How could two independent laboratories, using the latest in technologies, test the same sample and come up with separate results? That was the question presented to a Sterns County Judge, who weighed the evidence and ultimately concluded that the BCA had overstepped its bounds in deciding to report this driver’s test as positive for meth.

The BCA has had numerous, documented problems following the basic scientific standards established by the rest of the community of forensic toxicologists. They still utilize first-void urine alcohol testing, while the rest of the world has effectively deemed that practice as little more than junk science. They have serious problems storing samples, destroying evidence due to their own errors. They knew their breath test device was broken, but didn’t bother to fix it, even when the mistake could result in mistaken convictions.

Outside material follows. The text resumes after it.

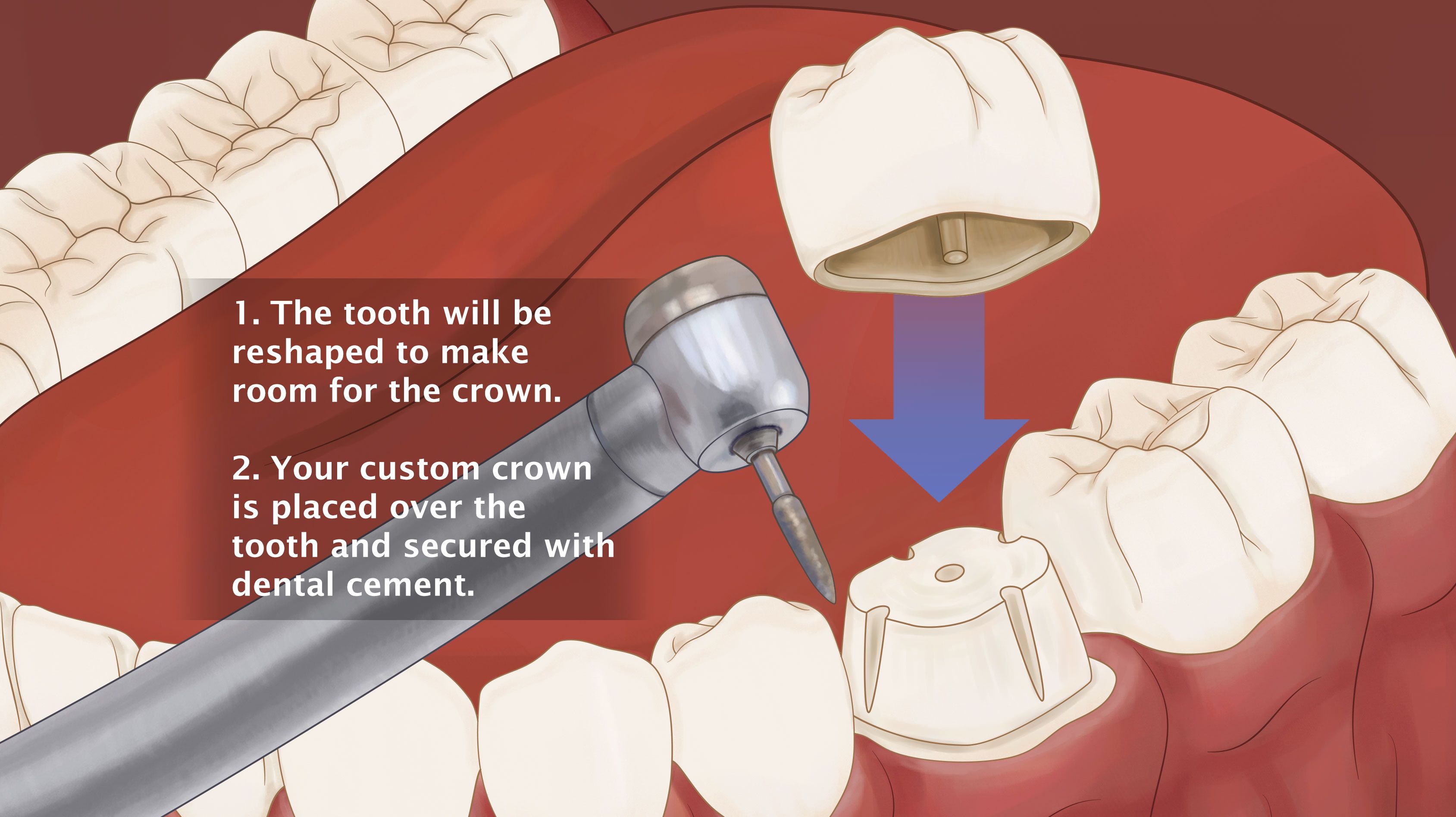 Illustration of crown placement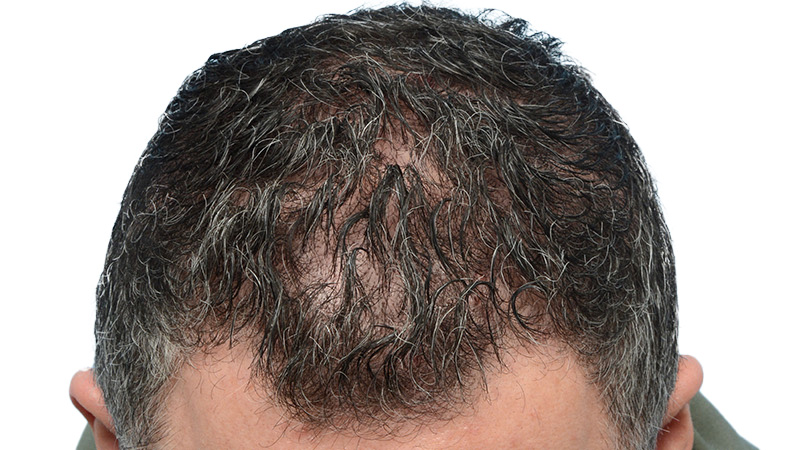 Fue Before and After | Dr. Jeffrey Wise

So, back to the driver who used over the counter medicine to counter a common cold and got labeled as a meth user. It turns out that when the BCA tested that driver’s blood, it detected levels of methamphetamine so low that the rest of the scientific community would have deemed the sample as “negative.” But not the BCA; despite the real risk that the molecular similarities between the compounds found in Vick’s VapoInhaler and actual, illegal meth could create a “false positive,” our BCA reported the result in a way that would guarantee criminal charges and a license revocation.

What’s even more interesting is that the independent lab that also tested the sample actually detected a higher concentration of “meth” in this blood sample (.009 mg/L) versus the BCA’s reading (.0074) yet still (correctly) reported her test as “negative.” 

The Court, with the aid of forensic scientist Thomas Burr’s testimony, addressed the conflicting evidence from the BCA and the independent lab. The Court ultimately held that the BCA’s disregard for the “general convention of science” meant that the government failed to meet its burden to prove that the driver was actually violating Minnesota’s DWI laws at the time she was driving, and therefore reversed the license revocation.

The BCA may be designing its lab policies to ensure a maximum amount of convictions, versus doing its duty to disclose the full scientific truth according to established scientific principles . . . but that's why we have defense attorneys.